Read Freedom at Midnight Online

Authors: Dominique Lapierre,Larry Collins

Tags: #History, #Asia, #India & South Asia

Freedom at Midnight (10 page)

"The British want us to put the struggle on the plane of machine guns where they have the weapons and we do not," he warned. "Our only assurance of beating them is putting the struggle on a plane where we have the weapons and they have not."

Thousands of Indians followed his call, and thousands more went off to jail. The beleaguered governor of Bombay called it "the most colossal experiment in world history and one which came within an inch of succeeding."

It failed because of an outburst of bloody violence in a little village northeast of Delhi. Against the wishes of almost his entire Congress hierarchy, Gandhi called off the movement because he felt that his followers did not yet fully understand nonviolence.

Sensing that his change of attitude had rendered him less dangerous, the British arrested him. Gandhi pleaded guilty to the charge of sedition, and in a moving appeal to his judge, asked for the maximum penalty. He was sentenced to six years in Yeravda prison near Poona. He had no regrets. "Freedom," he wrote, "is often to be found

inside a prison's walls, even on a gallows; never in councfl chambers, courts and classrooms."

Gandhi was released before the end of his sentence because of ill-health. For three years he traveled and wrote, patiently training his followers, inculcating the principles of nonviolence to avoid a recurrence of the outburst that had shocked him before his arrest.

By the end of 1929, he was ready for another move forward. In Lahore, at the stroke of midnight, as the year ended, he led his Congress in a vow for swaraj, nothing less than complete independence. Twenty-six days later, in gatherings all across India, millions of Congressmen repeated the pledge.

A new confrontation between Gandhi and the British was inevitable. Gandhi pondered for days waiting for his Inner Voice to counsel him on the proper form of that confrontation. The answer proposed by his Inner Voice was the finest fruit of his creative genius, the most bizarre, the most stupefying political challenge of modern times. So simple was the thought, so dramatic its execution, that it made Gandhi world-famous overnight. Paradoxically, it was based on a staple the Mahatma had given up years before in his efforts to repress his sexual desires as part of his vow of chastity, salt.

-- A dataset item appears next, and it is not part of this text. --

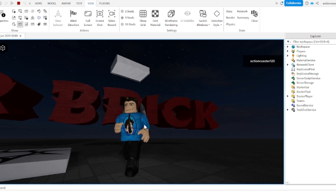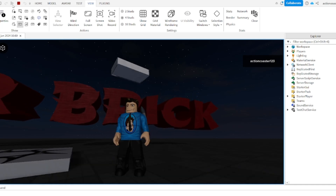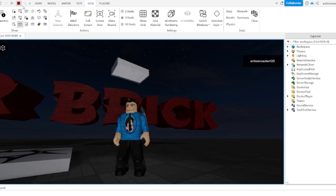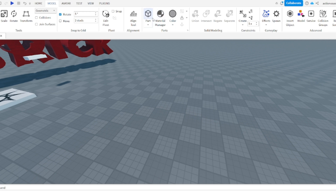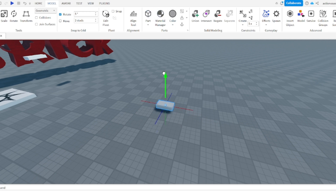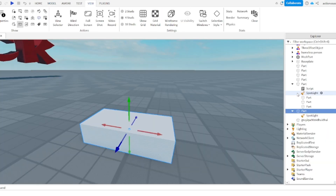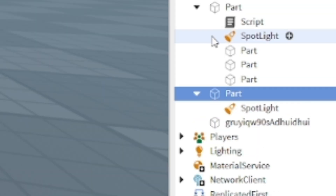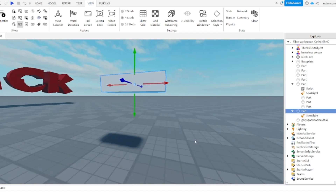How to make flickering lights in Roblox Studio. First, you need to get a part. When you have a part, you need to add a spotlight to the part. When you have done that, you need to add a script.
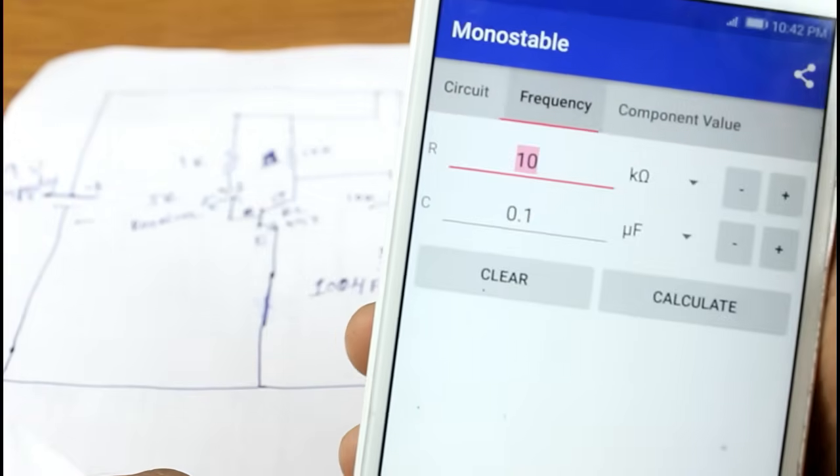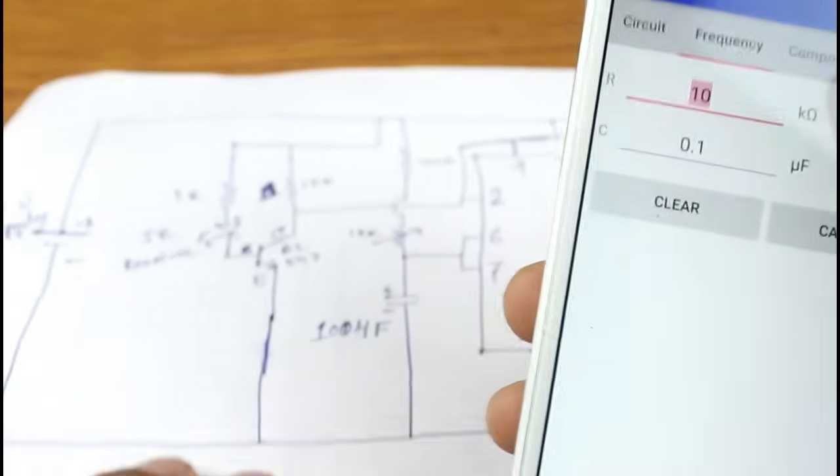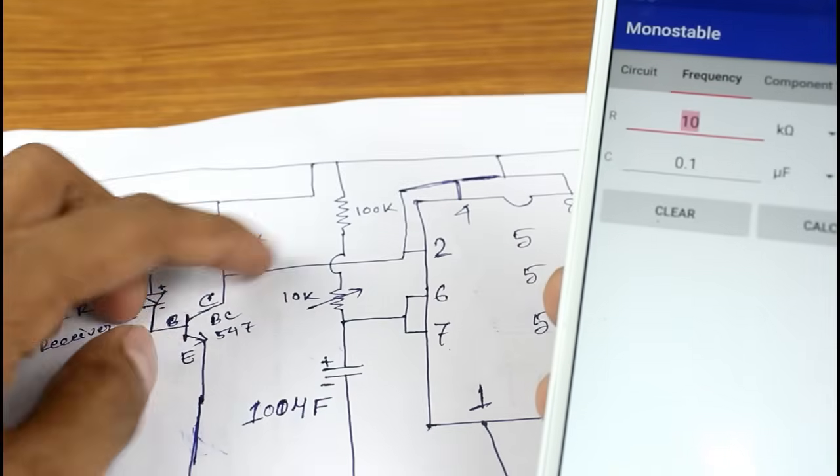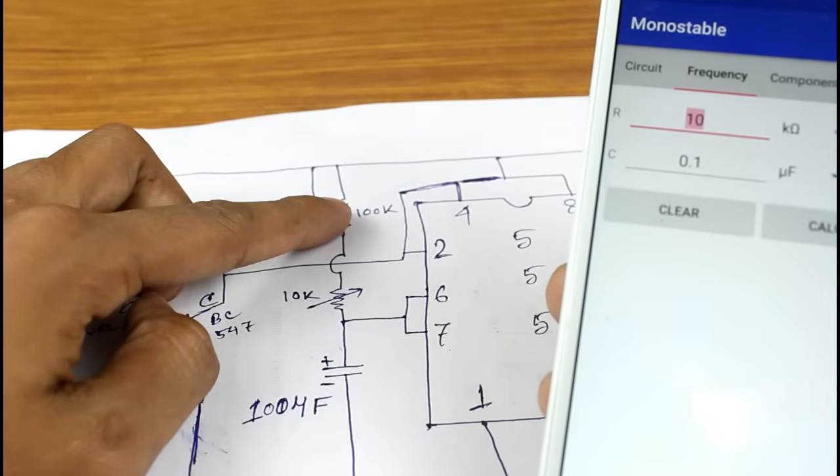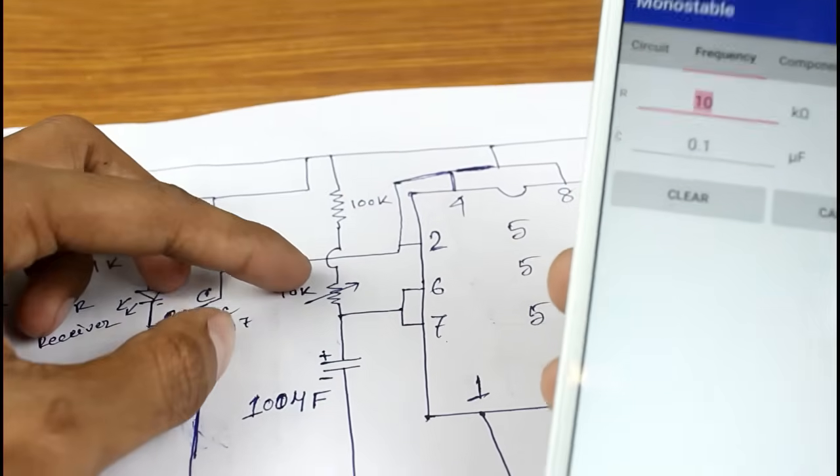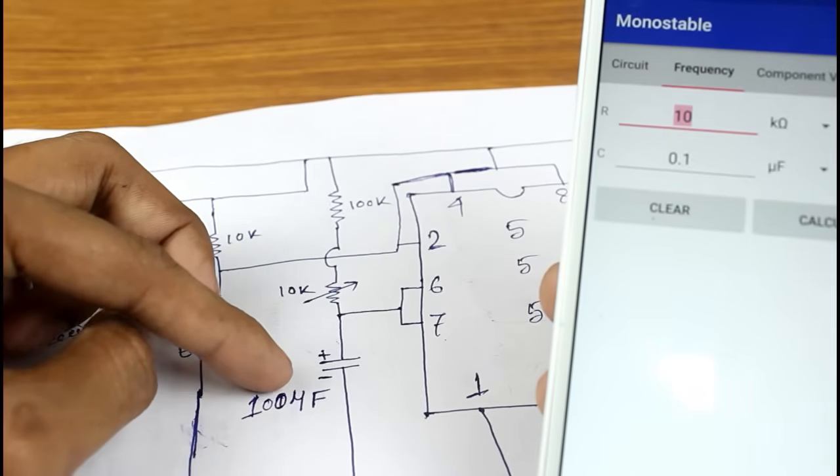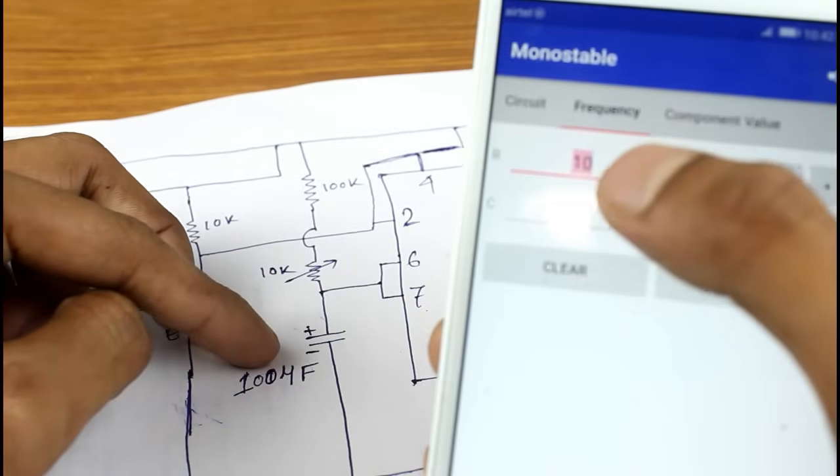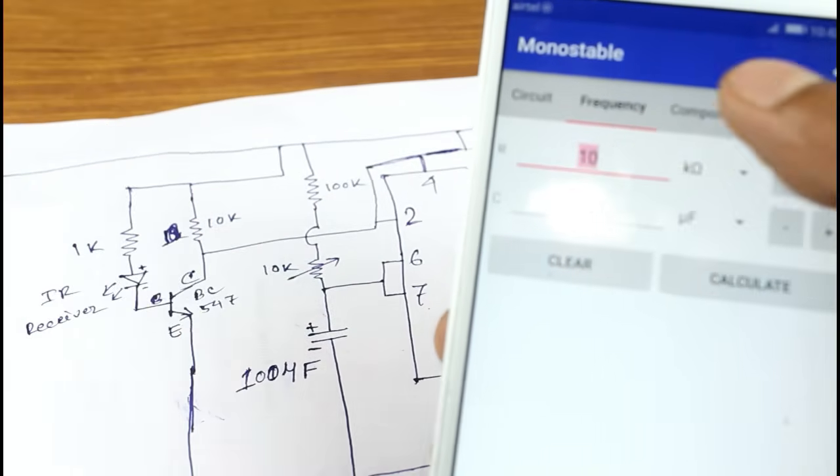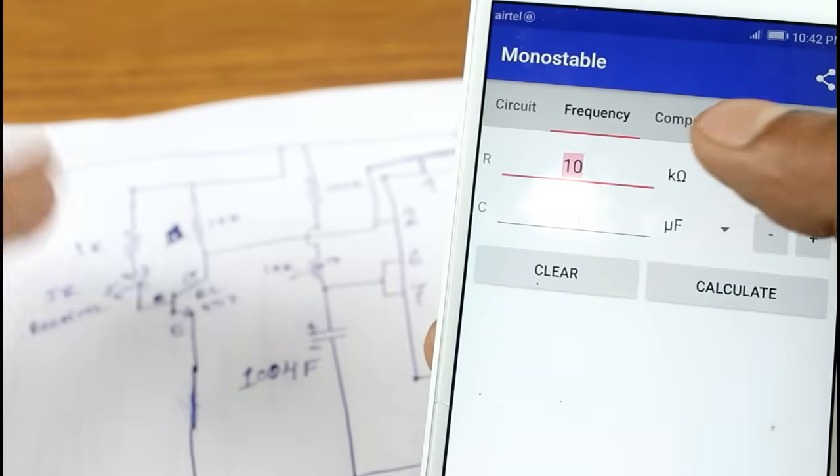So now click on frequency. Here you can see in our circuit diagram there is 100kΩ resistor, 1 potentiometer, and 100μF capacitor. But here you can see there is 1 resistor and 1 capacitor.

If Gandhi spurned it, in India's hot climate, it was an essential ingredient in every man's diet. It lay in great white sheets along the shorelines, the gift of the eternal Mother, the sea. Its manufacture and sale, however, was the exclusive monopoly of the state, which built a tax into its selling price. It was a small tax, but for a poor peasant it represented, each year, two weeks* income.

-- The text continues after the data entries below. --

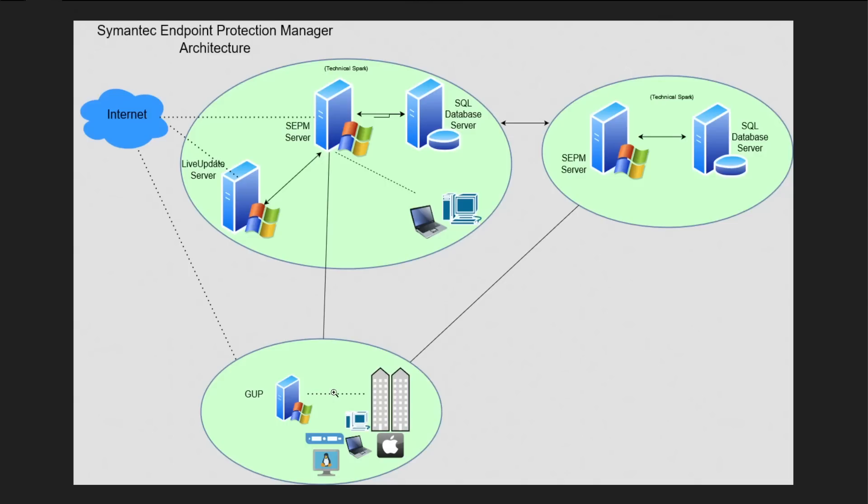It depends on how exactly your configuration is. Once the definitions are downloaded, then it will distribute the same definitions or signature updates to all the systems which are available in this Dubai premises. So for communication it will communicate with the SEPM, but it will not choke up your bandwidth because the major content will be downloaded from the GUP server itself.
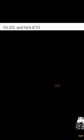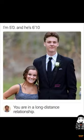I'm 5'0 and he's 6'10. You are in a long-distance relationship.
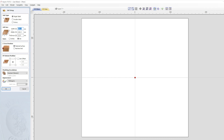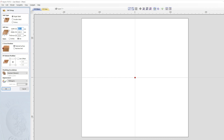On creating a new file, the main thing was to have a job size big enough so that you could see the entire project. The plastic we were using was 200mm square and 13mm thick, and you can see all the job setup settings here.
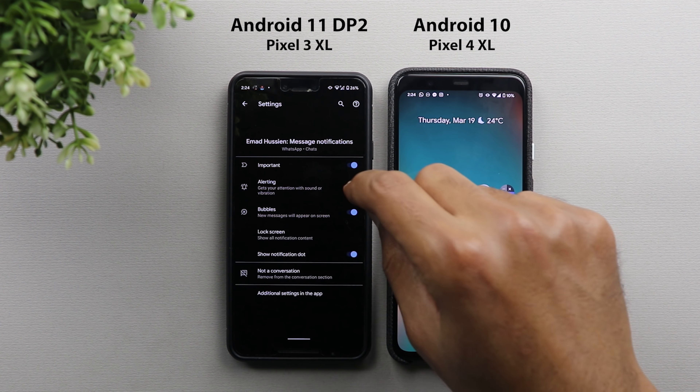Next is 'Hide Silent Notifications from Status Bar'. If you go to Settings, then Apps and Notifications, then Notifications, then Advanced, you now have a new option called 'Hide Silent Notifications in Status Bar', so you will no longer see icons from silent notifications in the status bar.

On March 12, 1930, at six-thirty in the morning, his bamboo stave in his hand, his back slightly bent, his familiar loincloth around his hips, Gandhi marched out of his ashram at the head of a cortege of seventy-eight disciples and headed for the sea, 240 miles away. Thousands of supporters from Ahmedabad lined the way and strewed the route with green leaves.

Newsmen rushed from all over the world to follow the progress of his strange caravan. From village to village the crowds knelt by the roadside as Gandhi passed. His pace was a deliberately tantalizing approach to his climax. To the British, it was infuriatingly slow. The weird, almost Chaplinesque image of a little old half-naked man

clutching a bamboo pole, marching down to the sea to challenge the British Empire dominated the newsreels and press of the world day after day.

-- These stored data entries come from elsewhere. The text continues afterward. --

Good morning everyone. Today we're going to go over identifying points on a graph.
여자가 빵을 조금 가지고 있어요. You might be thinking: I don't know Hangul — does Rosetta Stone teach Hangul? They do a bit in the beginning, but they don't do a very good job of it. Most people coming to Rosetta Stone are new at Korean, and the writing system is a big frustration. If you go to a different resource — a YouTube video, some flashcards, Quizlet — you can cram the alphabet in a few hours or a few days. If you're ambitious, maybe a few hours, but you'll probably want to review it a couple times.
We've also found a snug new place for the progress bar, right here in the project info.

On April 5, at six o'clock in the evening, Gandhi and his party finally reached the banks of the Indian Ocean near the town of Dandi. At dawn the next morning, after a night of prayer, the group marched into the sea for a ritual bath. Then Gandhi waded ashore and, before thousands of spectators, reached down to scoop up a piece of caked salt. With a grave and stern mien, he held his fist to the crowd, then opened it to expose in his palms the white crystals, the forbidden gift of the sea, the newest symbol in the struggle for Indian independence.

Within a week all India was in turmoil. All over the continent Gandhi's followers began to collect and distribute salt. The country was flooded with pamphlets explaining how to make salt from sea water. From one end of India to another, bonfires of British cloth and exports sparkled in the streets.

The British replied with the most massive roundup in Indian history, sweeping people to jail by the thousands. Gandhi was among them. Before returning to the confines of Yeravda prison, however, he managed to send a last message to his followers.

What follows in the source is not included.